2020

Serbest olarak çalıştığım 5.5. senenin, 4.5 senesinde düzenli ve iyi bir geliri, bir işyerine bağlı olmadan, bağımsız çalışarak elde etme motivasyonumu hep yüksek tutum, kendime bir misyon yükledim ve yıllarca peşinden koştum. Ta ki bu senenin başına kadar... Ocak ayında artık belirsizlikten bunaldığımı hissedip, pes etmiştim. Fakat daha önce gittiğim iş görüşmelerinde edindiğim izlenimlerden dolayı, İzmir'de iyi bir iş bulabileceğime dair pek umudum yoktu. Baya umutsuz bir haldeydim. Hayatımda bir şeyleri değiştirmeye çok ihtiyacım vardı.

Harekete geçmek için sürekli bir şeylerin olmasını bekleyen hallerimden sıkıldığım için, geçen yıl bana evlilik teklif eden sevgilime dedim ki: "belli ki şartlarımız uzun bir süre değişmeyecek, kendi şartlarımıza göre uygun bir plan yapıp, evlenelim, önümüze bakalım."

Kendi içimize sinen bir plan oluşturduk, ailelerimize planımızdan bahsettik. 2 gün sonra ben bir iş görüşmesine çağrıldım. Şartları benim içime sinecek bir iş teklifi aldım, hem şartları güzeldi, hem yeni kurulacak bir şirkette ilk işe alınanlardan biri olacaktım. Bu da benim için umutlu bir başlangıç demekti.


Mart başında başlayacaktım normalde. Mart ortasında Korona salgını patlak verdi, şirketin kuruluşu gecikti, hazineye tekrar başvuru yapıldı derken ben aylarca o şirketten haber alamadım. Bu arada müzisyen ve müzik öğretmeni erkek arkadaşımın işleri büyük oranda salgından etkilendi, ben ise fuarcılık işi yaptığım için, belirsizlik ve sınırların kapanmasıyla tam anlamıyla sıfıra düştüm. 
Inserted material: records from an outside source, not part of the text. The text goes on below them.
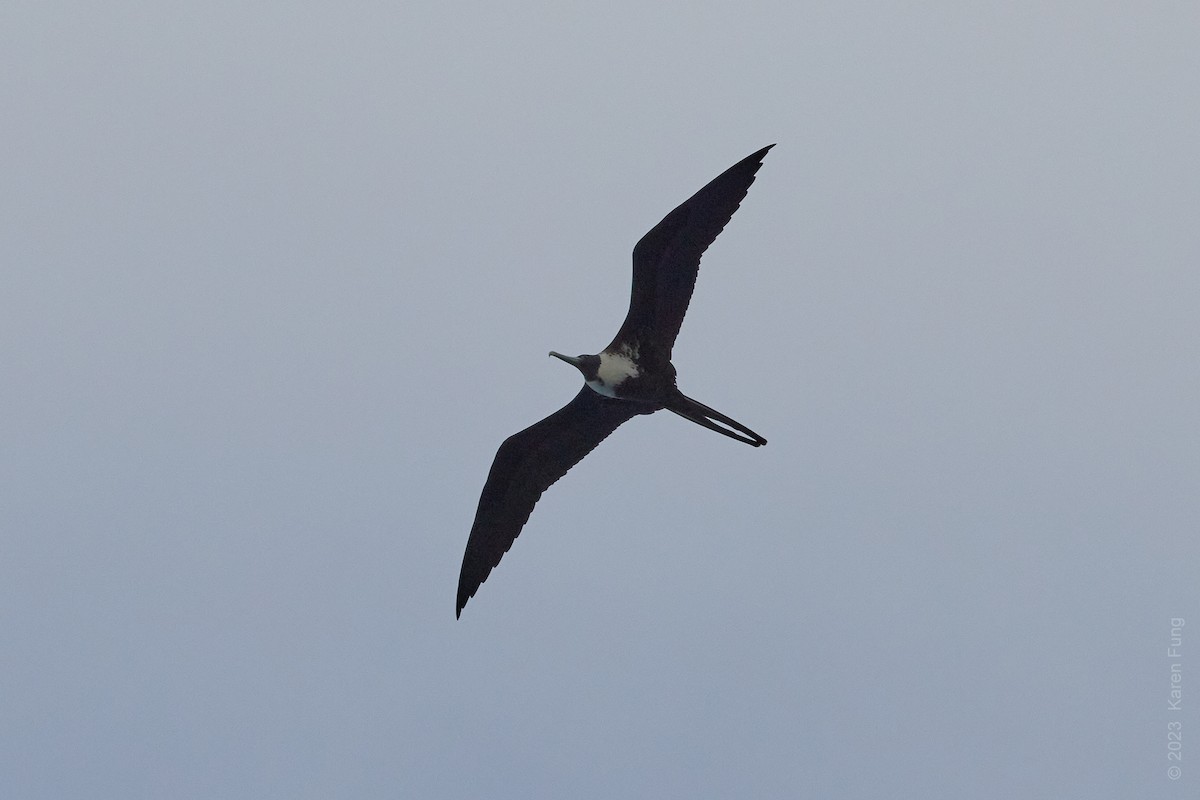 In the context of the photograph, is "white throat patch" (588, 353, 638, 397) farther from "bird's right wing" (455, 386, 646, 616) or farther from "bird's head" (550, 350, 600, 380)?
"bird's right wing" (455, 386, 646, 616)

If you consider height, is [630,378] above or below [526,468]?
above

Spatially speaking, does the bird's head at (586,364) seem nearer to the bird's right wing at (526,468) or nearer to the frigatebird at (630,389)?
the frigatebird at (630,389)

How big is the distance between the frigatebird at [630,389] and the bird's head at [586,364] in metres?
0.01

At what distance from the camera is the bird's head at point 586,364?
11.4 meters

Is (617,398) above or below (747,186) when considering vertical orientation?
below

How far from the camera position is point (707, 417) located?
37.2 feet

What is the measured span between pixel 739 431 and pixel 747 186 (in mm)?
2506

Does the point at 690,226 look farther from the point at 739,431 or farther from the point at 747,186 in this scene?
the point at 739,431

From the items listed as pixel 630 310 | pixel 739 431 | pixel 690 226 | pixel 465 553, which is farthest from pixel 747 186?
pixel 465 553

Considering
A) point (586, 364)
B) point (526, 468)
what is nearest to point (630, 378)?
point (586, 364)

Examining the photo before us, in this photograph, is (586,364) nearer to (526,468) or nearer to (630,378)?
(630,378)

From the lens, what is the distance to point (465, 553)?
12953mm

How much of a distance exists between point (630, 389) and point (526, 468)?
6.00ft

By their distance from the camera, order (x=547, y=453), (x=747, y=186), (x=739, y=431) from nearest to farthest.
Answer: (x=747, y=186) < (x=739, y=431) < (x=547, y=453) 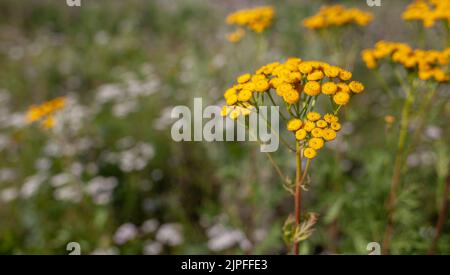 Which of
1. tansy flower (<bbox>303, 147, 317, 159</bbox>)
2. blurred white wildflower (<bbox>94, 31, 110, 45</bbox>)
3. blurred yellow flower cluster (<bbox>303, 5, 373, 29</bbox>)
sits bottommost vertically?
tansy flower (<bbox>303, 147, 317, 159</bbox>)

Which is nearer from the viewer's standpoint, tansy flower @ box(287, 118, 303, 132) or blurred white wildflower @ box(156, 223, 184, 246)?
tansy flower @ box(287, 118, 303, 132)

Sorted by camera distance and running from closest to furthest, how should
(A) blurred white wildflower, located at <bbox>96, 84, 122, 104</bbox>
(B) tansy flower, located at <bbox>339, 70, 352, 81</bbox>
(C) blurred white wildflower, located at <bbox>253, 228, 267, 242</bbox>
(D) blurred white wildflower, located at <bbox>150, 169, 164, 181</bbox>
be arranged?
1. (B) tansy flower, located at <bbox>339, 70, 352, 81</bbox>
2. (C) blurred white wildflower, located at <bbox>253, 228, 267, 242</bbox>
3. (D) blurred white wildflower, located at <bbox>150, 169, 164, 181</bbox>
4. (A) blurred white wildflower, located at <bbox>96, 84, 122, 104</bbox>

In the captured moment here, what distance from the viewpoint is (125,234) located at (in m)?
2.92

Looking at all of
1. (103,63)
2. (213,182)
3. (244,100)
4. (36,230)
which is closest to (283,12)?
(103,63)

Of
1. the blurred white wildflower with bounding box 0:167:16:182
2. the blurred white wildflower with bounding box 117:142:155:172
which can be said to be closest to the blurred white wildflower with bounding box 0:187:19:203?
the blurred white wildflower with bounding box 0:167:16:182

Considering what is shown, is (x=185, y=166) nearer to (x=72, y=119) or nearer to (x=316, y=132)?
(x=72, y=119)

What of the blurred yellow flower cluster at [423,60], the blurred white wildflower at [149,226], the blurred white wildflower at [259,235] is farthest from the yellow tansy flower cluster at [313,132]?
the blurred white wildflower at [149,226]

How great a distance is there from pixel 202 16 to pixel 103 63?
9.68ft

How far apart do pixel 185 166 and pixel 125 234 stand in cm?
107

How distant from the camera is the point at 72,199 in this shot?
3.24 meters

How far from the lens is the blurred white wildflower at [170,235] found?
2861mm

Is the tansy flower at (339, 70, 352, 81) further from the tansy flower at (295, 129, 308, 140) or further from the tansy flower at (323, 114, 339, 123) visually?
the tansy flower at (295, 129, 308, 140)

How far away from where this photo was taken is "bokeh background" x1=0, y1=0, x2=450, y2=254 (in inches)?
97.9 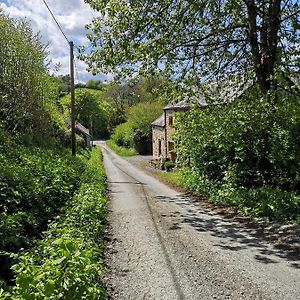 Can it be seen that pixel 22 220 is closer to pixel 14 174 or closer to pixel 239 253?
pixel 14 174

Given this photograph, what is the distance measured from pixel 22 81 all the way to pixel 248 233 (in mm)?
16134

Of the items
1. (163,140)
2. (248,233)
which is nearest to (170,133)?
(163,140)

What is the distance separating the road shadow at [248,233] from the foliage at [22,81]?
1181 cm

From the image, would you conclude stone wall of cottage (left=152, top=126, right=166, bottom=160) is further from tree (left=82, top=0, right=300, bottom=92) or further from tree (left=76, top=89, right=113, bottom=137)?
tree (left=76, top=89, right=113, bottom=137)

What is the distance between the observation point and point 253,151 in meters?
13.0

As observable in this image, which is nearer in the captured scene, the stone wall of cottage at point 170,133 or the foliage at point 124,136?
the stone wall of cottage at point 170,133

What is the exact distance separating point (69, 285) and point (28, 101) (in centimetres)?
1887

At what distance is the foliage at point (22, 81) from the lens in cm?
1970

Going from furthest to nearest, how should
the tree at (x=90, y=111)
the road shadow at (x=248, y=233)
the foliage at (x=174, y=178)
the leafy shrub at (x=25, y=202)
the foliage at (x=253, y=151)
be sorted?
1. the tree at (x=90, y=111)
2. the foliage at (x=174, y=178)
3. the foliage at (x=253, y=151)
4. the road shadow at (x=248, y=233)
5. the leafy shrub at (x=25, y=202)

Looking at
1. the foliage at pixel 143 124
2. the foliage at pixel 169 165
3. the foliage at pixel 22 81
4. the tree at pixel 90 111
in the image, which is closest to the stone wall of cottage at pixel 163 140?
the foliage at pixel 169 165

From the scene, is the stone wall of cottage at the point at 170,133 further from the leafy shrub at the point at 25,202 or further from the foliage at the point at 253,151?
the leafy shrub at the point at 25,202

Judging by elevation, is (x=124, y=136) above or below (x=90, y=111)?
below

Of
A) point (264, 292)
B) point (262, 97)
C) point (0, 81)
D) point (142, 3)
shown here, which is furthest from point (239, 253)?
point (0, 81)

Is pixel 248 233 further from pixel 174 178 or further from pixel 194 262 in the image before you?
pixel 174 178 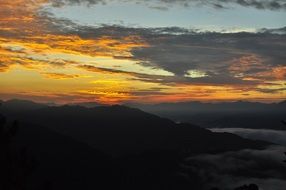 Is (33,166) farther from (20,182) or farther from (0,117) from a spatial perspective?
(0,117)

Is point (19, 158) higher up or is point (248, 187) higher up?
point (19, 158)

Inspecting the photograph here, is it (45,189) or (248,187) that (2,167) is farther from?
(248,187)

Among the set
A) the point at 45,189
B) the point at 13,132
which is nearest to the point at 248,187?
the point at 45,189

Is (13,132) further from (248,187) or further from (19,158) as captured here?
(248,187)

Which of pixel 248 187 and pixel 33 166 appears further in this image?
pixel 248 187

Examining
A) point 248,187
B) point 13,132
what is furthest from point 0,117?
point 248,187

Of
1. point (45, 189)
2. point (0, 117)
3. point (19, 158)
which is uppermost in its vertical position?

Evliliği erteledik. Bu süreçte evlilik için ayırdığımız parayla geçiniriz dedik, başlarda bu sürecin bu kadar uzun süreceğini hiçbirimiz tahmin etmiyorduk elbette. Aileden yardım istemek aklıma bile gelmedi. Bunu övünerek söylemiyorum, aksine hayatı baya zorlaştıran bir şey bu. Kendi başının çaresine bakmak, yardım istememek, kendi işini kendin yapmak gibi saplantılı derecede bireysellik ve güçlü durmak böyle zamanlarda iyice toksik bir hale geliyor.

Onlar teklif etti sağ olsunlar, hem yardım almak psikolojime çok iyi geldi, hem de bir süre para kazanma kaygısını üzerimden atınca hayattan keyif almaya başladım.

Fakat iyileşmem aylarımı aldı. 

Bu yaz arabalı ilk yazımızdı. Daha önceki yazlarda erkek arkadaşım hep yoğun çalıştığı için birlikte kaliteli vakit geçiremiyorduk ve ben sürekli homurdanıyordum. Şimdi tam istediğim gibi bir düzen vardı. İkimizin de vakti vardı, arabamız vardı.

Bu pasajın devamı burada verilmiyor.